The IRS recently issued guidance clarifying some ambiguities of the Employee Retention Credit (“ERC”). What it lacks in terms of a flashy name (“Notice 2021-49”), it more than makes up for with its length and complexity, and the purpose of this article is to provide a brief overview of its content.

Background

First, some context: The ERC was created by the CARES Act in early 2020. A previous BNN article describes the original characteristics of the credit, but it has gone through a number of changes since its creation.

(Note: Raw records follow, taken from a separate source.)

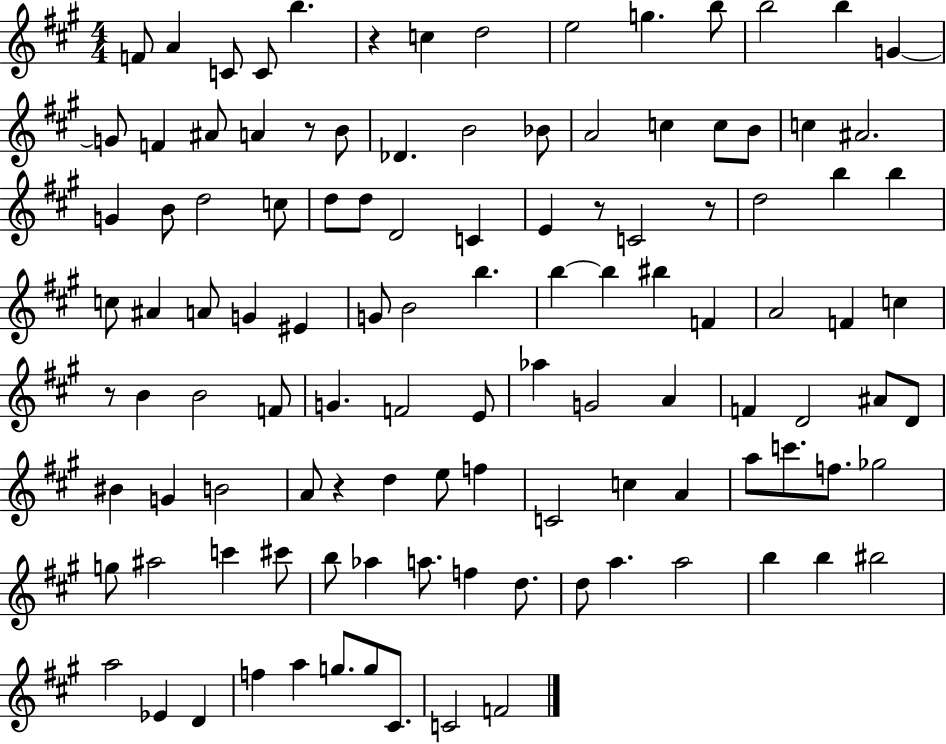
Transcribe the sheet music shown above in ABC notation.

X:1
T:Untitled
M:4/4
L:1/4
K:A
F/2 A C/2 C/2 b z c d2 e2 g b/2 b2 b G G/2 F ^A/2 A z/2 B/2 _D B2 _B/2 A2 c c/2 B/2 c ^A2 G B/2 d2 c/2 d/2 d/2 D2 C E z/2 C2 z/2 d2 b b c/2 ^A A/2 G ^E G/2 B2 b b b ^b F A2 F c z/2 B B2 F/2 G F2 E/2 _a G2 A F D2 ^A/2 D/2 ^B G B2 A/2 z d e/2 f C2 c A a/2 c'/2 f/2 _g2 g/2 ^a2 c' ^c'/2 b/2 _a a/2 f d/2 d/2 a a2 b b ^b2 a2 _E D f a g/2 g/2 ^C/2 C2 F2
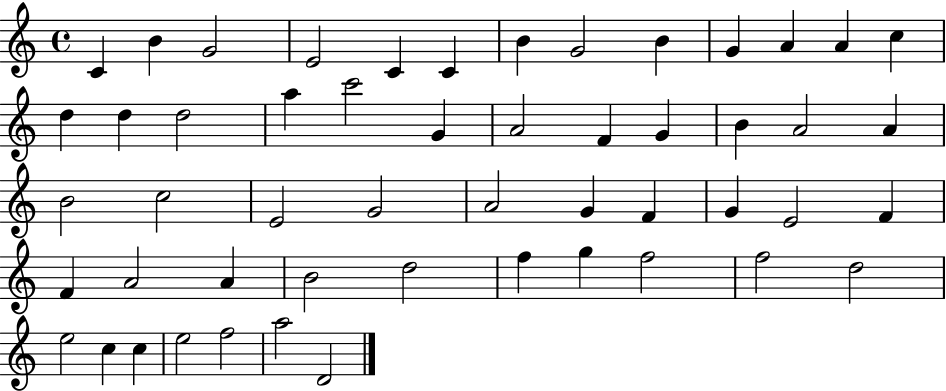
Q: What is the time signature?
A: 4/4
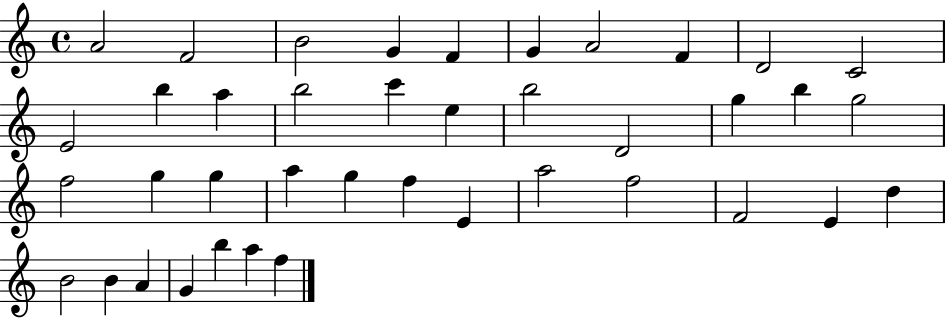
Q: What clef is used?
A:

In its current form applicable to 2021 outlays, it generally works as follows:

Employers can become eligible for the credit in a quarter using any one of four alternative ways:

  1. By carrying on a trade or business during calendar year 2020, if operations were fully or partially suspended during a calendar quarter due to orders from an appropriate governmental authority limiting commerce, travel, or group meetings (for commercial, social, religious, or other purposes) due to COVID-19;
  2. By experiencing a significant decline in gross receipts as a result COVID-19 disruptions. In turn, a qualifying decline in a quarter may be achieved in one of two ways:

(a) For any of the first two quarters in 2021, earning revenues in that quarter that were 80% or less than those earned in the same quarter in 2019, or

(b) Performing the same test as in (a) above, but using the immediately preceding quarter, compared to its corresponding quarter in 2019.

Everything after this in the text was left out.